[INPUT MATERIAL Boundary: Start]
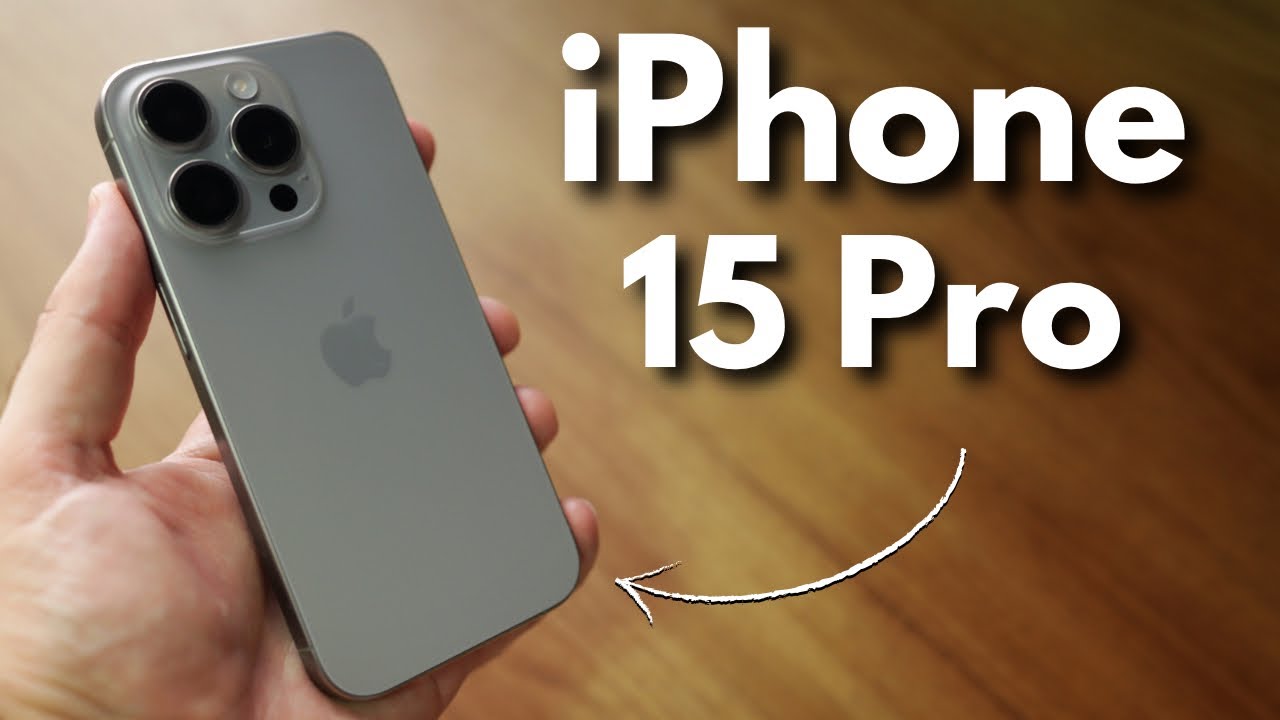 iPhone 15 Pro: UNBOXING + OPINIÕES SINCERAS - YouTube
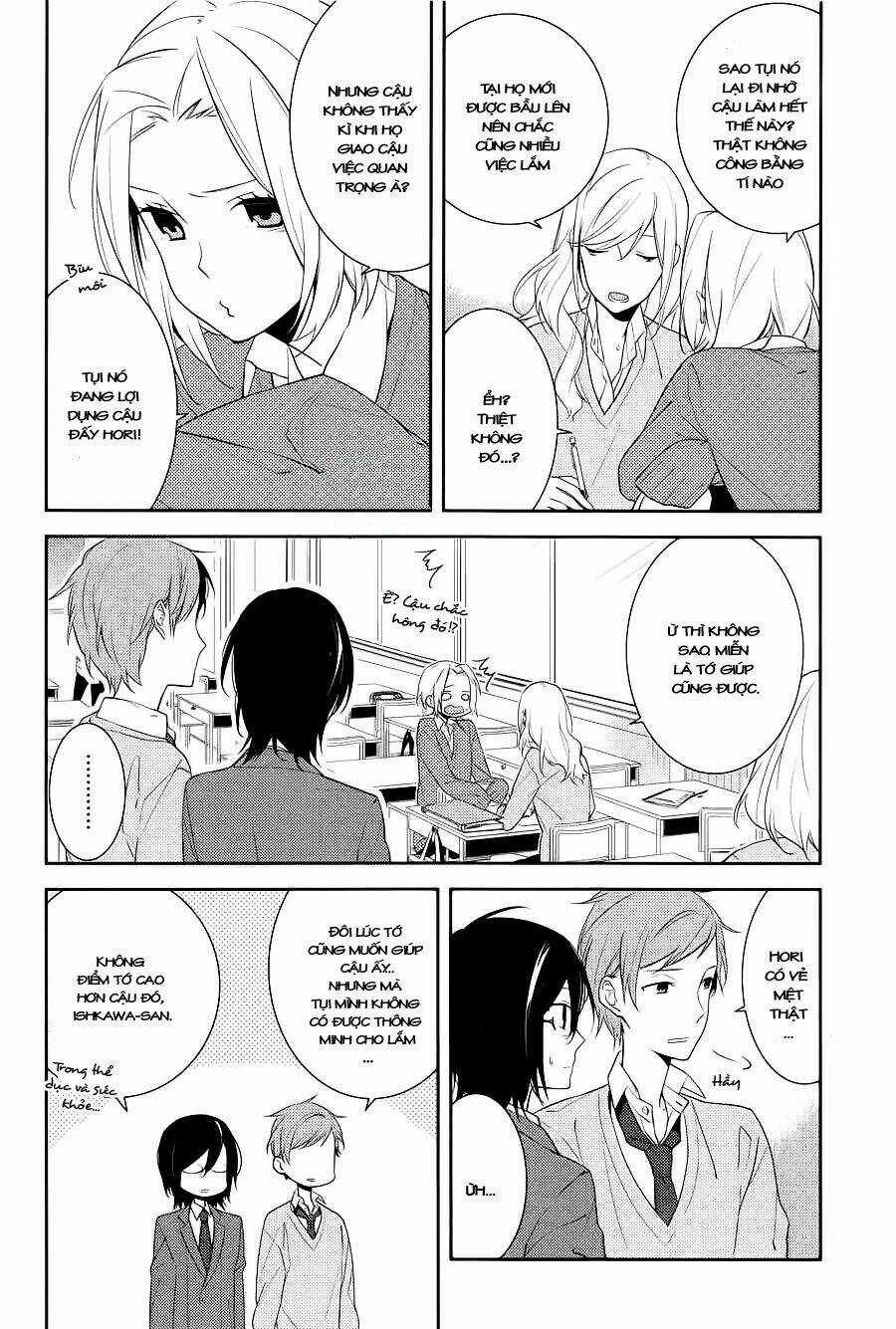 Chuyện Của Hori Và Miyamura Chapter 7 trang 6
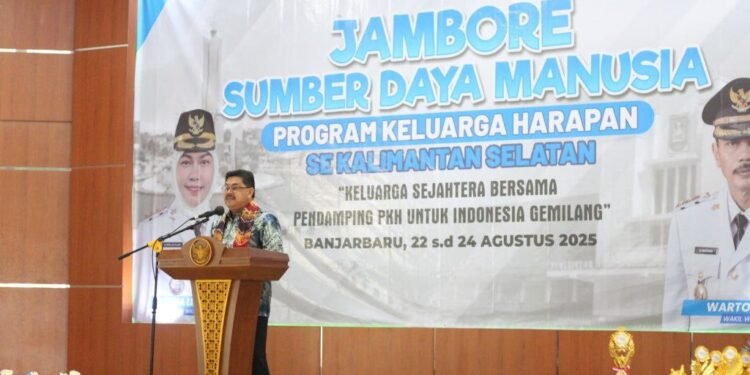 Jambore SDM PKH 2025 Resmi Dibuka, Gubernur Kalsel Ingin Pendamping Sosial Tingkatkan Profesionalisme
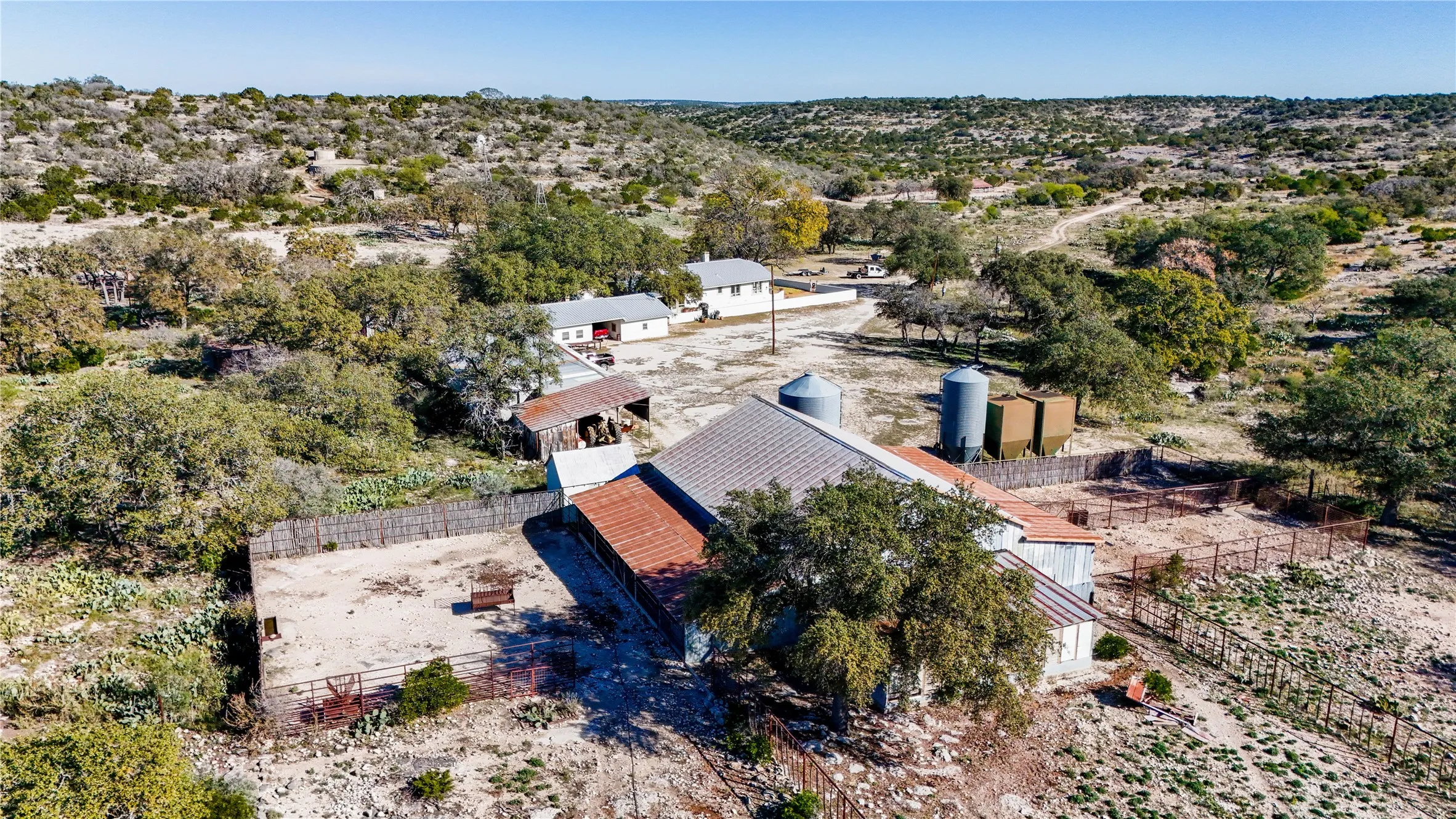 WEST OF BARN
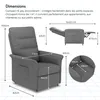 FLEXISPOT Fauteuil relax électrique avec fonction chaise Voir les images du produit 4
[INPUT MATERIAL Boundary: End]
● **TASK TO CARRY OUT**
Exact copy, no images: rewrite the entire listing above.

● **SOLUTION TO THE PROBLEM**
 iPhone 15 Pro: UNBOXING + OPINIÕES SINCERAS - YouTube
 Chuyện Của Hori Và Miyamura Chapter 7 trang 6
 Jambore SDM PKH 2025 Resmi Dibuka, Gubernur Kalsel Ingin Pendamping Sosial Tingkatkan Profesionalisme
 WEST OF BARN
 FLEXISPOT Fauteuil relax électrique avec fonction chaise Voir les images du produit 4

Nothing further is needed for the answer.